Güncelleme Tarihi:
Mustafa Denizli, Beşiktaş'ta çalışmanın gizemini en çok Çeşme'de hissettiğini belirterek, şöyle devam etti:
“Tabii bütün bunların yanında hayat akışıma bakıldığında, Beşiktaş gibi çok değerli camialarda görev yapmak, bunun tamamlayıcı bir unsuru oldu. Çocuk yaşlarda, büyüdüğüm insanlarla bundan 45-50 sene önce konuştuklarımızı bu kadar geç yaşama imkanımız oldu. Onlar çok seviniyor. Bütün grup, Altay'da oynarken benim Beşiktaş'a gitmem için tazyik yaparlardı. Dergi yayınlandığı zaman ligdeki durumumuz ne olacak bilmiyorum, ama inşallah düşündüğümüz yerde olacağız. O daha da keyifli kılacak.”
Teknik direktör Denizli'nin kızlarından Selin Denizli ise kendilerinin taraftar olmadıklarını, taraf olduklarını dile getirdi.

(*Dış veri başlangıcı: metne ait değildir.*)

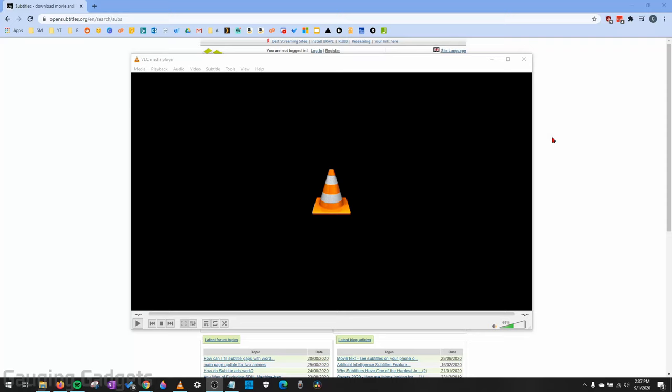Hey guys, welcome to another Gauging Gadgets VLC tutorial video. In this video, I'm going to show you how to automatically download subtitles for movies or TV shows you're watching in VLC.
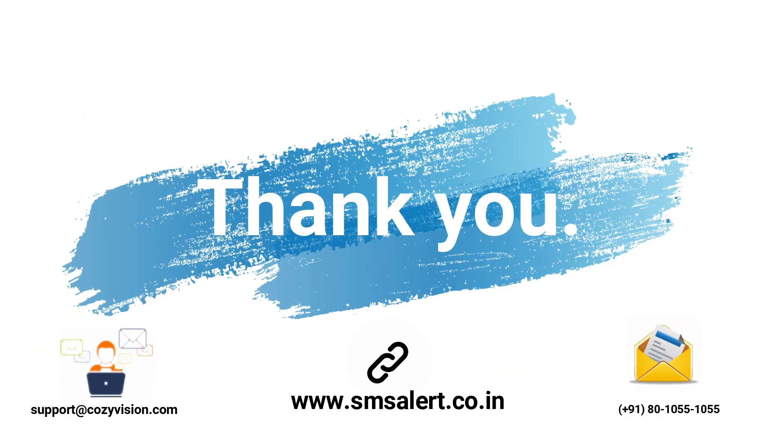We hope this video was helpful to you. See you soon with more such videos in future. Thank you.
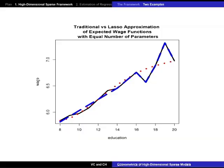Hopefully this example conveys what is the idea of the approximately sparse model. This wage function is approximately sparse. It also shows how you can nest and expand the traditional framework which relies on parsimony. The traditional framework is the red curve. By using this more general framework, we're not losing anything, we're just gaining.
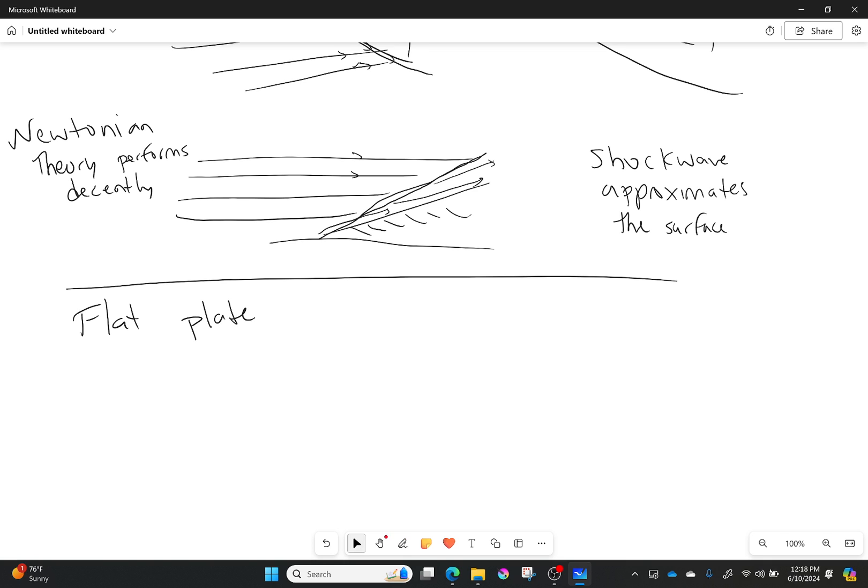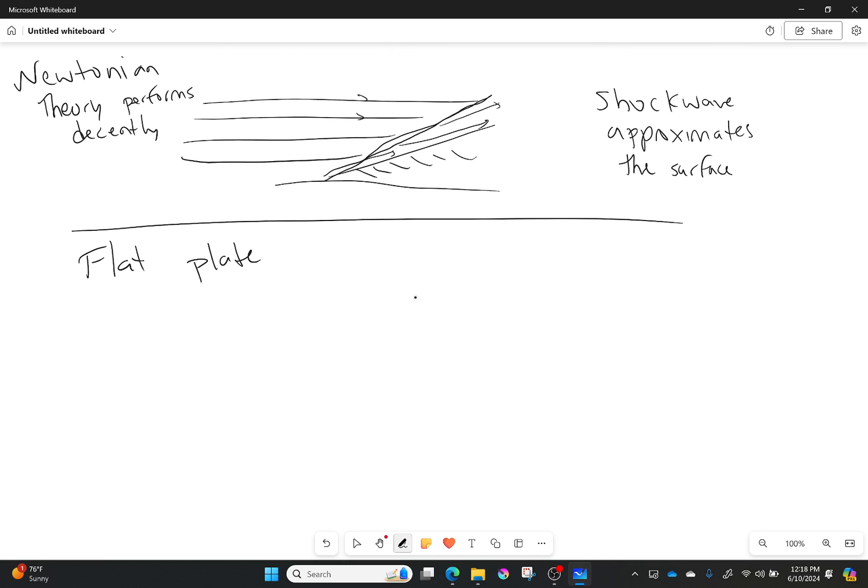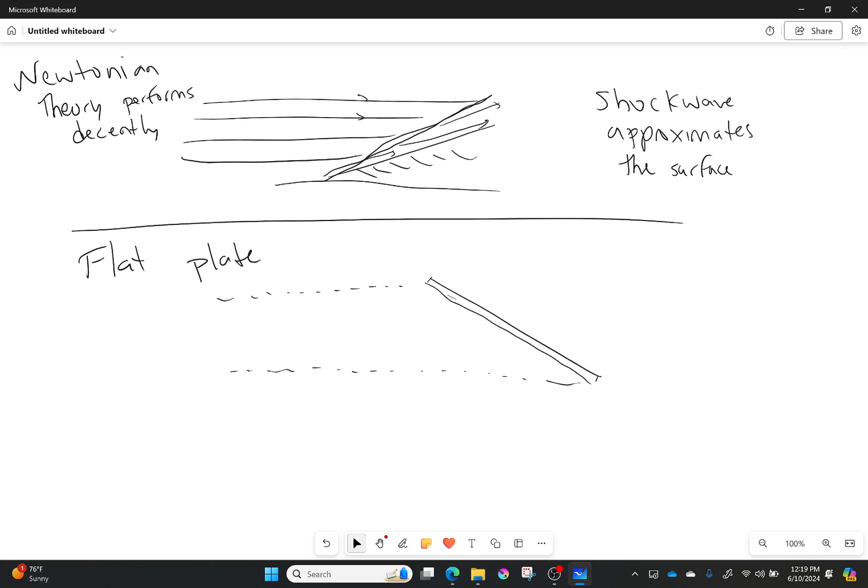What we'll do is first develop this for a flat plate. Why a flat plate? We've done it like 15 billion times now, and I think it's just giving a good idea of what we're doing here.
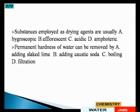Permanent hardness of water can be removed by: A — adding slaked lime, which is calcium hydroxide — you can only remove temporary hardness with this, not permanent. B — adding caustic soda. C — boiling — you can't remove permanent hardness by boiling. D — filtration — you can't remove permanent hardness by filtration. The only suitable option is option B: adding caustic soda.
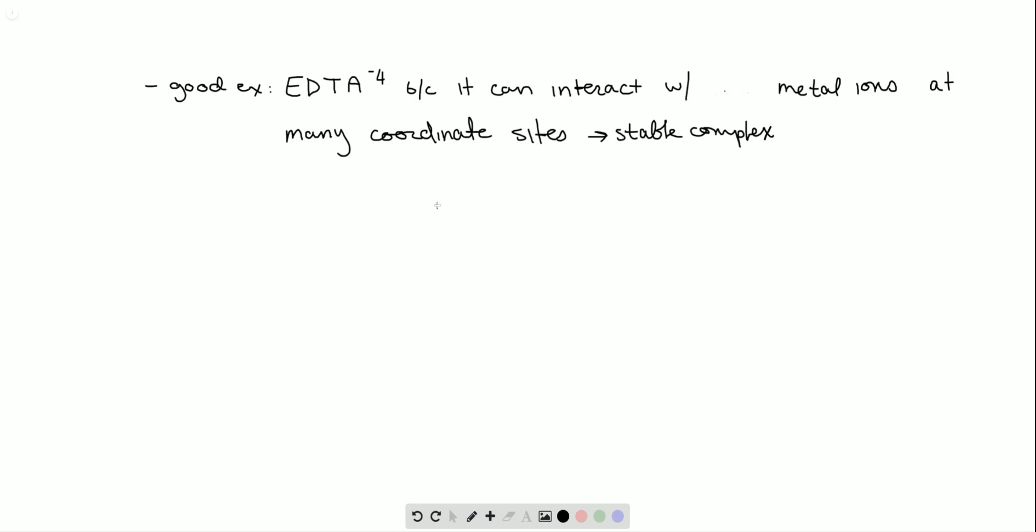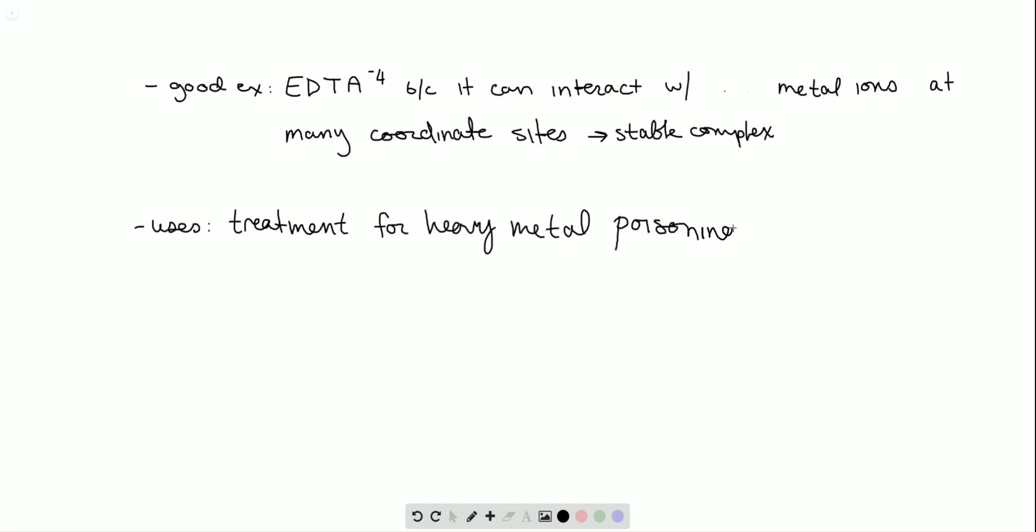Furthermore, it has some uses. These are treatment for heavy metal toxicity or poisoning, or lead poisoning.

“BİZ FUTBOLUN MÜLTECİSİYİZ”
Selin Denizli, kendilerinin babalarının tarafında olduklarını vurgulayarak, “Dolayısıyla hiçbir zaman taraftar olmadık. Biz o anlamda futbolun mültecisiyiz. Babam neredeyse biz de onun arkasındayız, sığınma hakkıyla... Ama bütün kalbimizle... Ben şu anda 'Bizden daha Beşiktaşlı vardır'a inanmıyorum. En Beşiktaşlıyız” dedi.
Beşiktaş'ın maçları sırasında uğur yaptıklarını anlatan Selin Denizli, şöyle devam etti:
“Mesela şimdi her maç sonrası 89. dakikada ben babama mesaj atıyorum. İletilmiyor, maç bittikten ve epey bir zaman geçtikten sonra iletiliyor. Ama ben biliyorum ki maç sonuyla röportaj arasında mutlaka Lal ve beni arayacak. O mesajı bekleyeceğini biliyorum. Biliyorum ki babam inanmayacağı işin içine girmez, Beşiktaş'a imza attığı gün şampiyonluk balosunda giyeceğim kıyafeti düşünüyordum, beni götürürse giyerim diye... Bizi öyle inandırmış ki...”
Selin Denizli, Beşiktaş'ın her maçında aynı heyecanı yaşadıklarını da belirtti.
“BABAMLA İLGİLİ SÖYLEYEBİLECEĞİM DUYGU, GURUR”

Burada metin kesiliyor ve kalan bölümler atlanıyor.